Herr Weber, wie bewerten Sie Zuckerbergs Äußerungen? Das war enttäuschend. Es gab in der Sache keinerlei Fortschritt. Mark Zuckerberg hat auch keine Garantien gegeben, um ernsthaft auf die Sorgen der Menschen einzugehen. Das einzig Positive ist, dass er überhaupt da war und die europäische Volksvertretung respektiert.
Es gab Kritik an dem Format. Einige Europaparlamentarier hätten die Befragung zur Selbstdarstellung genutzt. Was sagen Sie dazu? Die Kollegen in den USA hatten zehn Stunden Zeit, Zuckerberg zu befragen. Auch dort hat sich Zuckerberg herausgewunden und ist nicht konkret geworden. Sicher kann man immer etwas verbessern. Die Diskussion um das Format ist aber nicht entscheidend. Entscheidend ist, dass es Facebook offenbar mit diesen Themen nur ernst meint, wenn der Gesetzgeber einschreitet. Deswegen muss Europa nun Zähne zeigen und Regulierungen ernsthaft diskutieren.
Hatten Sie den Eindruck, dass das Ganze für Zuckerberg nur eine Alibi-Veranstaltung war? Für soziale Medien ist Vertrauen die wichtigste Währung. Zuckerberg nimmt die Themen sehr ernst, weil es um sein Geschäftsmodell geht. Aber er reagiert nur, wenn es einen Skandal gibt oder der Gesetzgeber mutig vorangeht. Freiwillige Maßnahmen werden wir von diesen Internetkonzernen wenig zu erwarten haben. Deswegen muss Europa gemeinsam handeln. In dieser Woche tritt die Datenschutzgrundverordnung in Kraft, die den Bürgern fundamentale Rechte in der digitalen Welt garantieren wird. Damit zeigen wir, dass wir als EU gemeinsam vorangehen.

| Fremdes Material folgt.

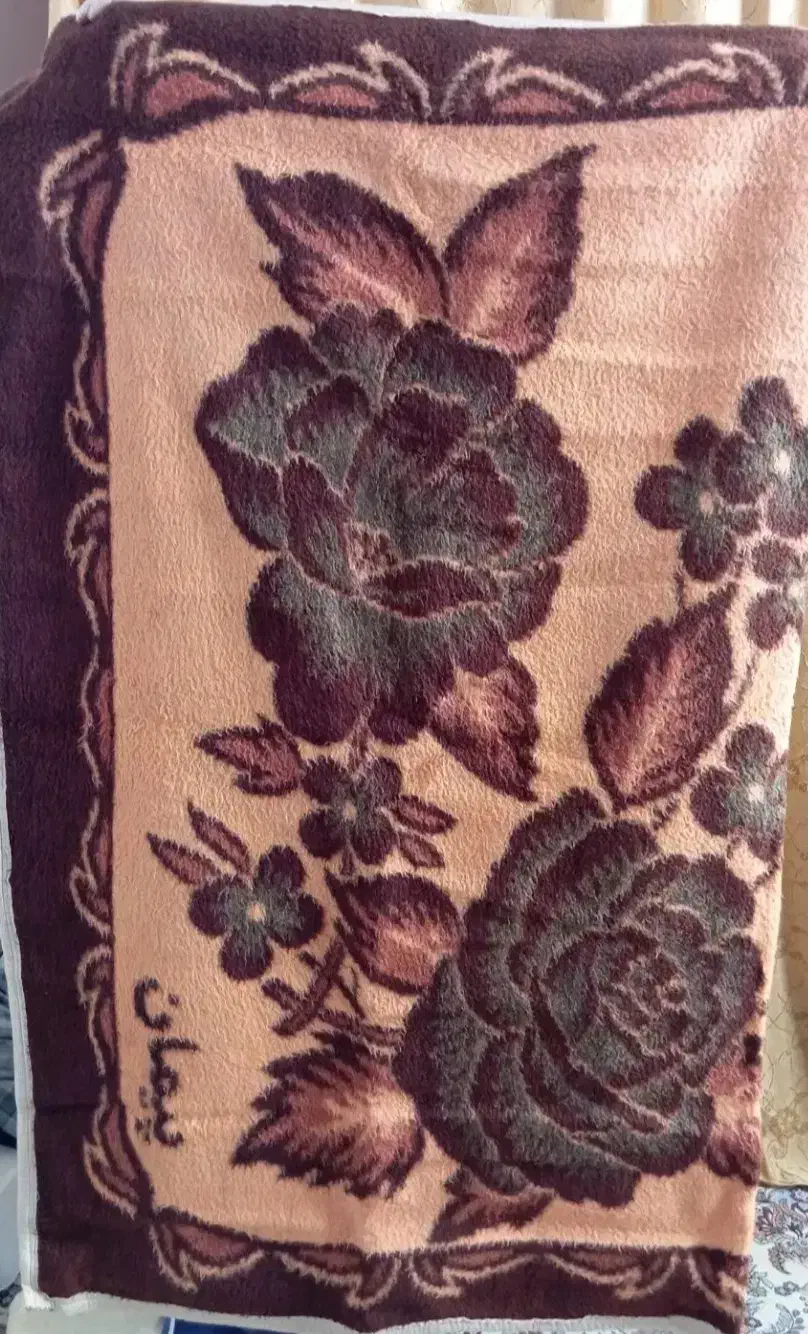 پتو قدیمی|رختخواب، بالش، پتو|جوانرود, |دیوار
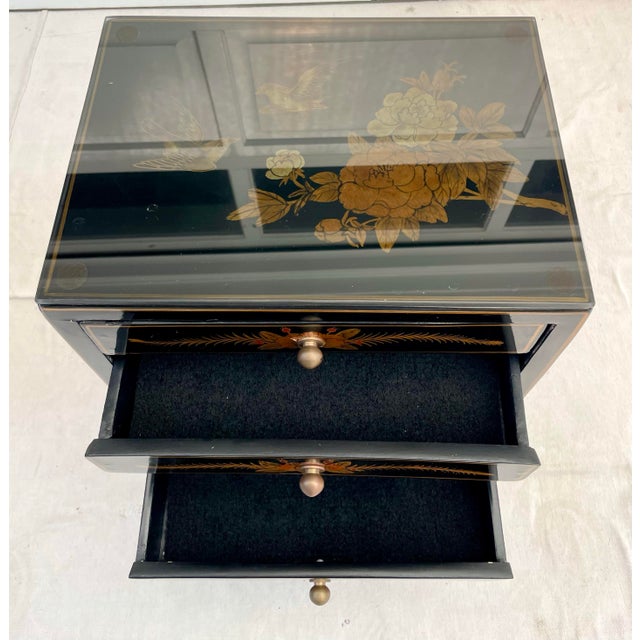 Metal Asian Japanese Black Lacquer Hand-Painted Jewelry Side Table For Sale - Image 7 of 12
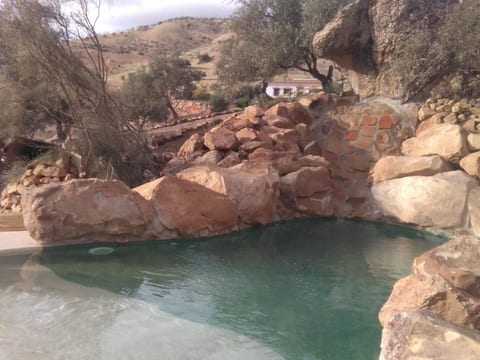 in Almogía mit Garten, Terrasse und gemeinschaftlichem Pool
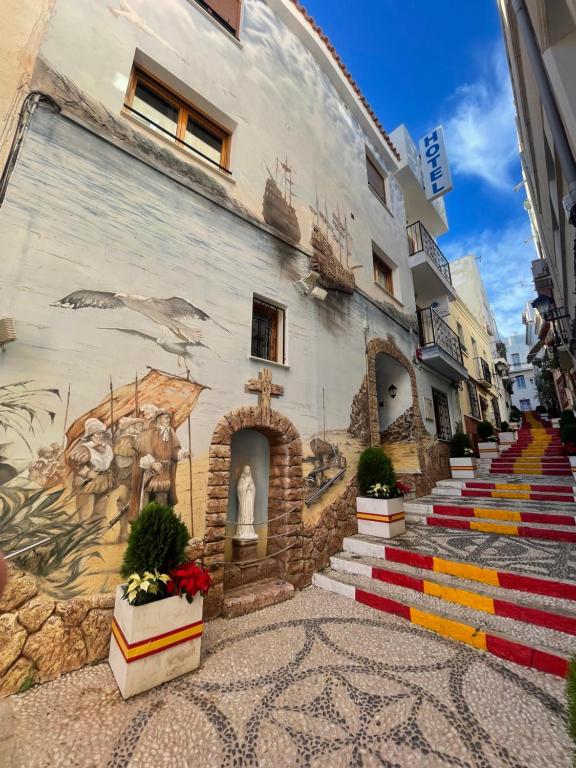 un edificio con un mural en el costado en Galeon Boutique Hotel, en Calpe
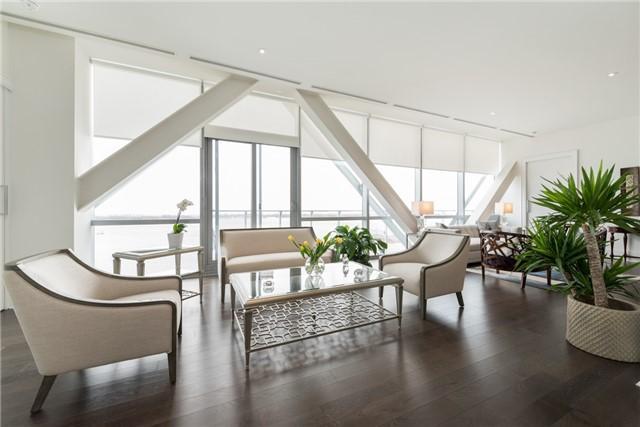 PH-1402 - 29 Queens Quay E, Condo with 3 bedrooms, 3 bathrooms and 3 parking in Toronto ON | Image 5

Welche Konsequenzen müssen mit Blick auf Facebook gezogen werden? Facebook darf nicht uns die Regeln auferlegen, sondern wir müssen Facebook die Regeln vorgeben. Die Bürger haben beispielsweise dank der neuen EU-Datenschutzregeln das Recht, ihre Daten in den sozialen Netzwerken zu löschen oder auch keine personalisierte Werbung zu bekommen. Die nationalen Datenschutzbehörden müssen das jetzt umsetzen. Wir dürfen aber auch neue Maßnahmen nicht ausschließen. Wenn es beispielsweise in Europa zum Glück verboten ist, Nazipropaganda zu glorifizieren, dann muss das auch in den sozialen Netzwerken verboten sein. Derzeit praktiziert Facebook bei der Frage aber überwiegend ein amerikanisches Verständnis von Öffentlichkeit. Das ist nicht in Ordnung. Wir brauchen Regeln, die klarstellen, was in der europäischen Öffentlichkeit erlaubt ist und was nicht – und zwar entschieden von demokratischen Parlamenten und nicht von Konzernen.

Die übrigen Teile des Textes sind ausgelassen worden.